Introduction Hello World? Use the Source, Luke Character Building Stuff SAX2 "Jumpstart" for Visual Basic Wrap it Up Stop the Parser, I Want to Get Off! Type Library Hacking

Introduction

One of the key features of the May 2000 MSXML Technology Preview is an implementation of SAX2 (Simple API for XML, version 2). As an introduction to SAX2, the MSDN XML Developer Center provides an article entitled SAX2 Jumpstart for XML Developers and a downloadable Microsoft® Visual C++® application. In this article, I outline an approach to programming the SAX2 interfaces from Visual Basic®. Note that this sample is unsupported and is intended to assist you in prototyping SAX/Visual Basic solutions. In addition, it should be made clear that the interfaces in this sample have no bearing on Microsoft's Visual Basic support for SAX in the future.

Hello World?

With Visual Basic (VB), the typical approach to experimentation with a Component Object Model (COM) component such as the MSXML3.dll file is to create a new Standard EXE project, and then go to the Project/References menu to add a reference to the MSXML3.dll Type Library (Microsoft XML, version 3.0). At this point, the Visual Basic Object Browser can be used to examine the properties, methods, and events for the interface of your choice.

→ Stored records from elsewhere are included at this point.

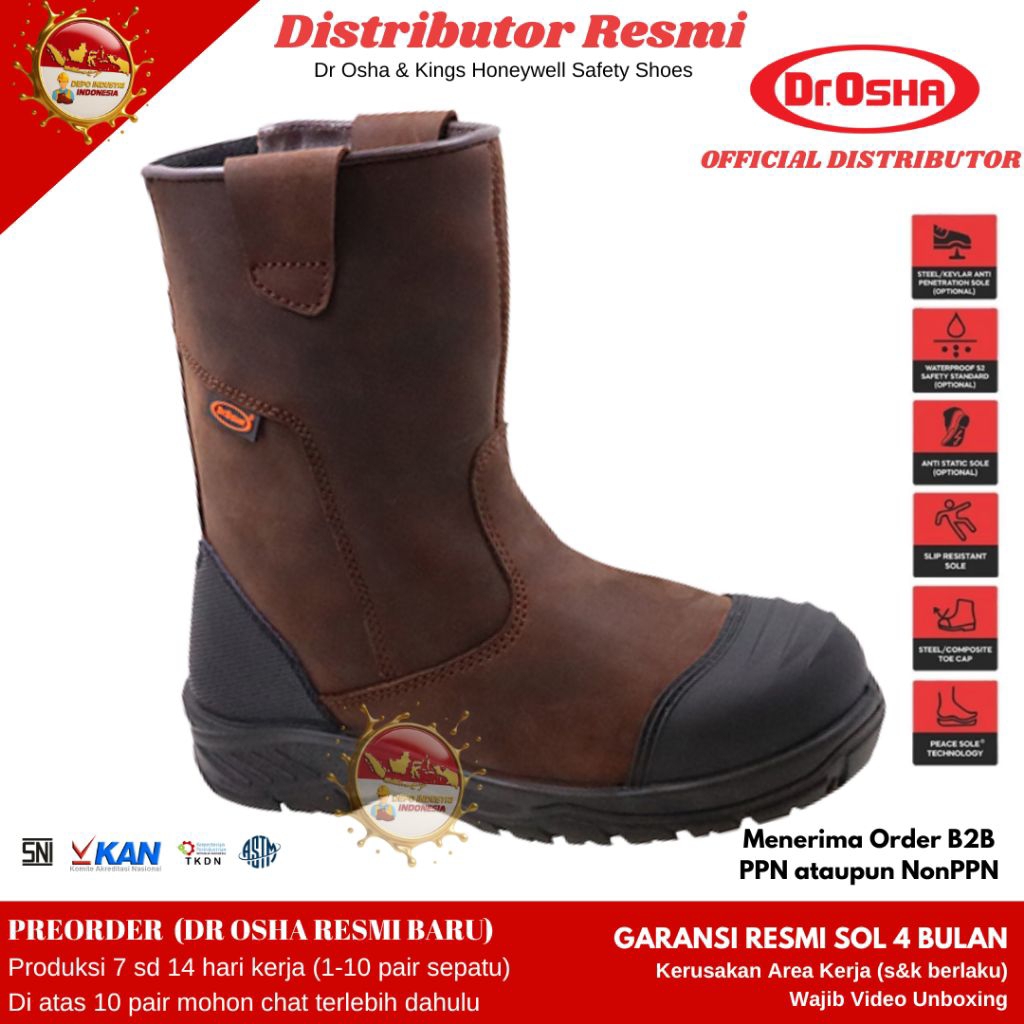 Sepatu Safety / Dr Osha Safety Shoes Dr Osha Mustang Boot 3373 S1 Composite Toe Cap - Sol PU sd 90 C
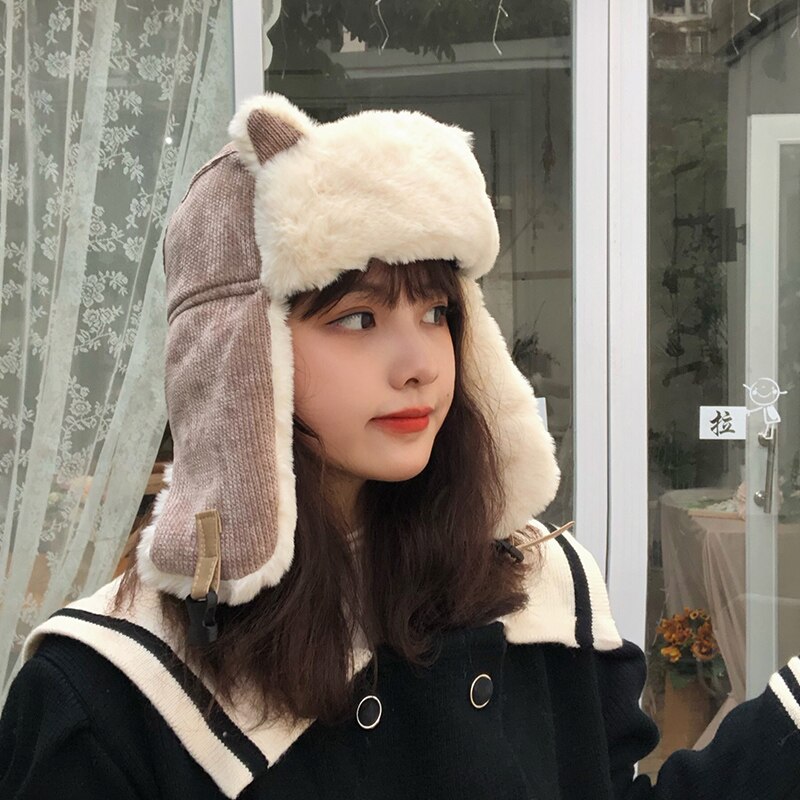 4 Colors Autumn Corduroy Bomber Hat 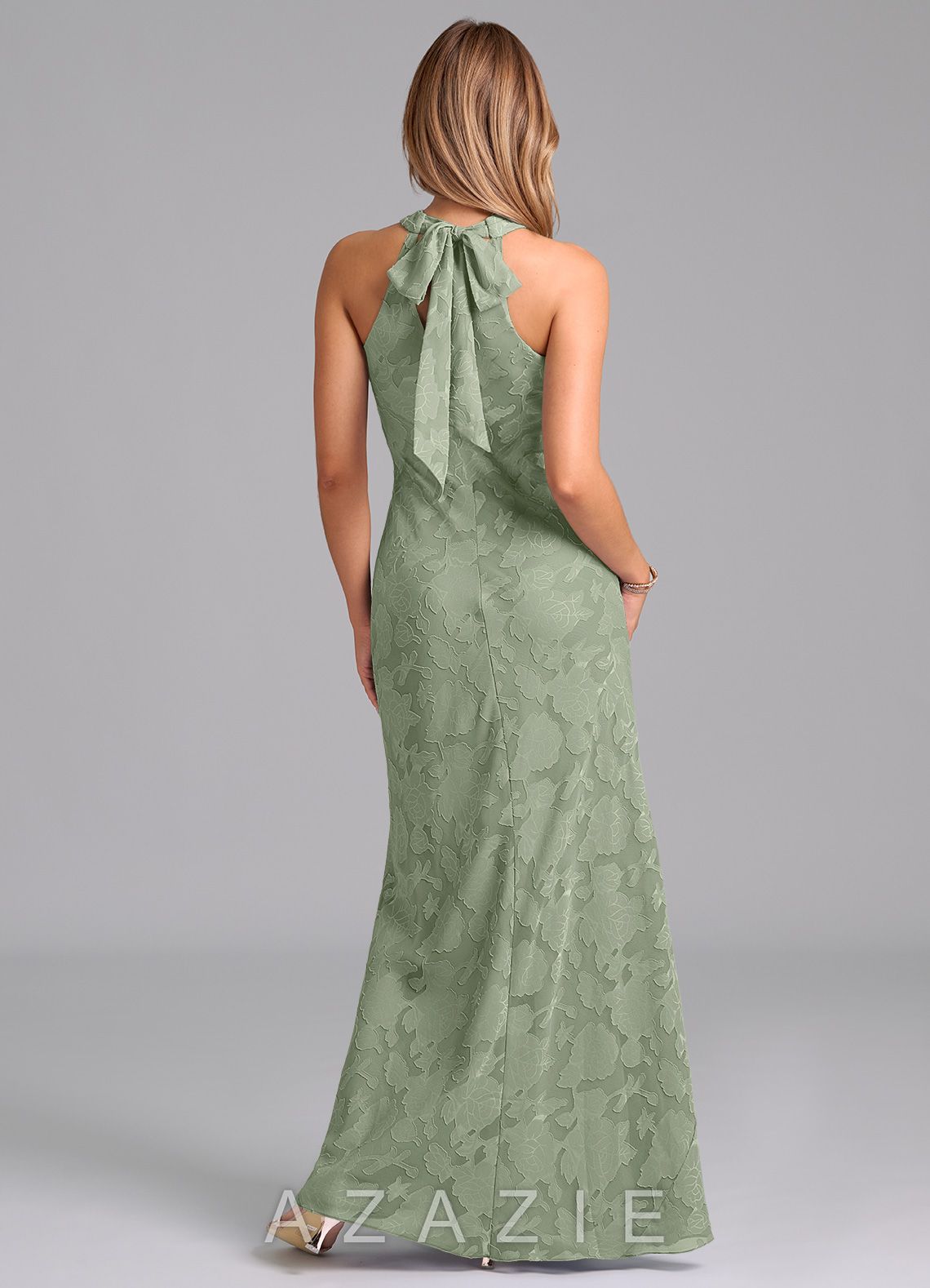 Azazie Doretta Agave Mermaid Pleated Floral Burnout Dress agave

I did this with MSXML3.dll, and then went looking (in vain) for the SAX2 interfaces, but found nothing remotely SAX-y in this Type Library. I then checked the registry to verify that I had installed the correct version of MSXML3.dll. Sure enough, there were two promising-looking ProgIDs under the HKEY_CLASSES_ROOT directory (specifically Msxml2.SAXXMLReader and Msxml2.SAXXMLReader.3.0), so I fired off one of those "Am I missing something?" type questions to a couple of related newsgroups. Quick as a flash, a response came back indicating that I was indeed missing something.

Use the Source, Luke

The SAX2 interfaces are defined in a file called Xmlsax.idl. If you installed MSXML3.dll into the default folder, then Xmlsax.idl can be found in the folder called C:\Program Files\Microsoft XML Parser SDK\inc. After finding the file, I compiled Xmlsax.idl into a Type Library file called, appropriately enough, Xmlsax.tlb. The MIDL IDL compiler was the tool I used to do the compilation.

Back in the Visual Basic integrated development environment (IDE), I returned to the Project/References menu, and this time I selected Browse from the References dialog box to locate the new Xmlsax.tlb file. As a result of selecting a Type Library by this method, the VB IDE first registers the Type Library file. This was much more encouraging. The SAX2 interfaces were now showing up in the Object Browser.

Character Building Stuff

An inspection of the parameters of some of the methods confirmed what my newsgroup response had suggested: the interface was a little Visual Basic unfriendly. Remember, the documentation in the Microsoft XML SDK 3.0 describes the SAX2 interface as "Microsoft's COM/C++ implementation of SAX2." To summarize, wherever a Visual Basic developer expects to see a string parameter, there are, in fact, two parameters. The first of these parameters has a "pwch" Hungarian prefix ("pointer to an array of wide char"?) and the second has a "cch" prefix ("count of char"?).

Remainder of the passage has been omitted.